Cheerful Weather For the Wedding.
Cheerful Weather For the Wedding has been on my list of "must reads" for a long time and I was thrilled when Persephone published it with such a beautiful cover. Set during just one day, the book describes the tangled emotion and chaos leading up to and after a family wedding, and is described by The Guardian as "A brilliant, bittersweet upstairs-downstairs comedy”.
At Mrs Lippincote's
Elizabeth Taylors writing is an absolute joy so I'm looking forward to At Mrs Lippincote's, the story of an Army wife struggling to meet her husbands high ideals, described in an Amazon review thus...
"Billeted temporarily to the village and home of the eponymous Mrs. Lippincote to be near her husband, an officer in the RAF, Julia Davenant is expected to be a model officer's wife, serving meals to her husband's commanding officers, joining in the fun had by his fellows and their wives, and behaving so as not to attract attention or to embarrass him. Reminded of these obligations by the model of the domestic Lippincotes that surrounds her in her new home, she chooses instead to escape into an inner world of observation and intellectual reflection as she cares for her husband, her sickly son, and her husband's censorious "odd woman" cousin Eleanor who serves as both company and as foil for the nonconformist Julia."
The Scent of Water
Having never heard of Elizabeth Goudge, (shame on me) this is the one book of all those I have chosen for the year that I am looking forward to because there is no greater joy than discovering an author others are raving about.

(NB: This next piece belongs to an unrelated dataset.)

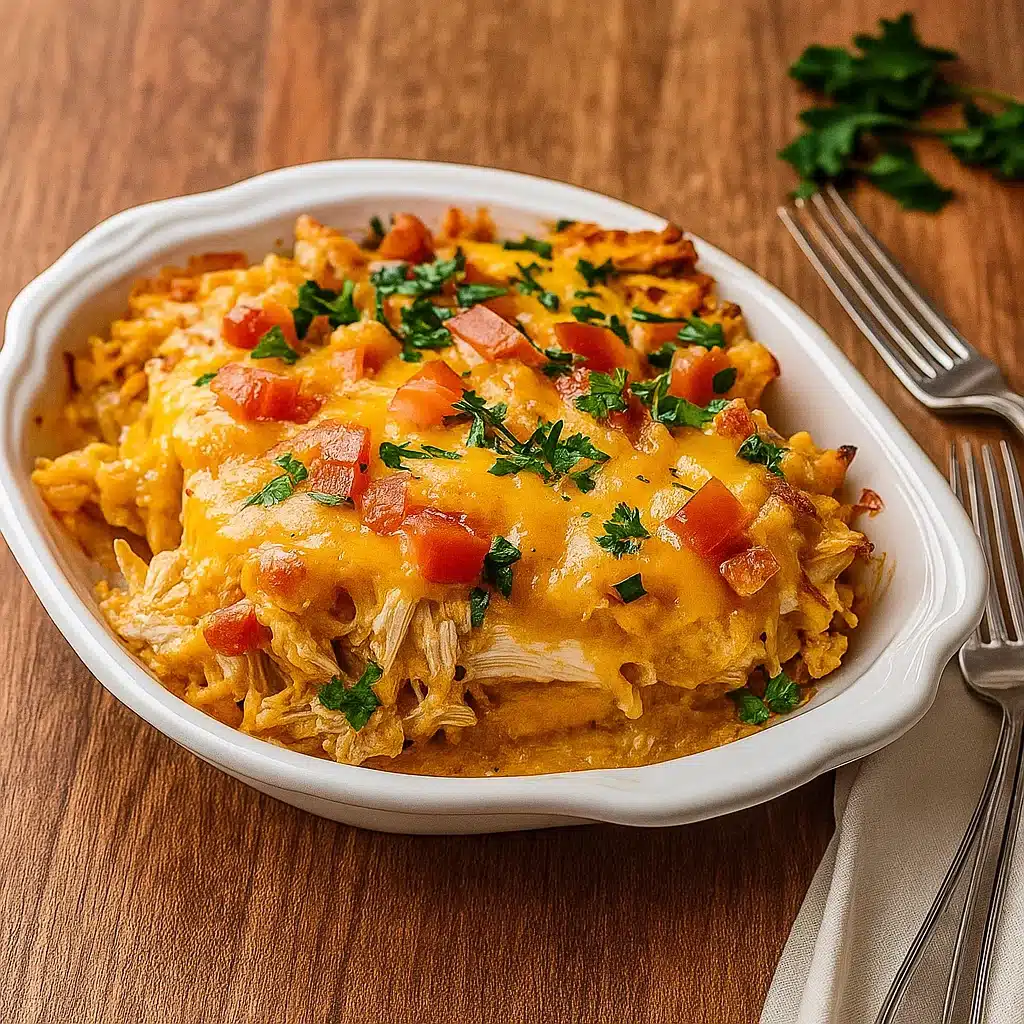 Irresistible King Ranch Chicken Casserole Recipe baked golden and bubbly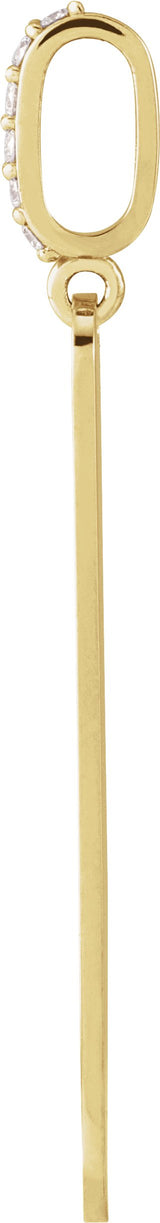 14K Gold Round Natural Diamond Engravable Bar Necklace – 0.05 CTW - Yellow Gold - view 3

The Scent of Water tells the tale of a woman leaving city life and adapting to the quirks and eccentricities of life in the countryside house she has inherited. Described as enchanting by more than one reviewer, April cannot come soon enough for me.
Young Hearts Crying
It is my belief that one has to steel one's emotions before attempting to read a Richard Yates novel, so devastating are they both in terms of storyline and powerful writing. Having adored Revolutionary Road, Eleven Kinds of Loneliness and the wonderful Easter Parade, this description of the decay of a marriage over thirty years looks set to break my heart all over again, which is why I am choosing May as the month to read it, being after all the Springiest, happiest month of the entire year.
The Girls of Slender Means
Wanna hear a confession? I have avoided Muriel Spark all my life because her reputation as "funny" goes before her and that makes me think she is the vintage equivalent of Kathy Lette and there goes a woman who gives me tummy ache. However now that I am all growed up and know that funny can deftly disguise what is both bleak and harrowing, I am ready to give this much loved writer a chance to write her way into my heart.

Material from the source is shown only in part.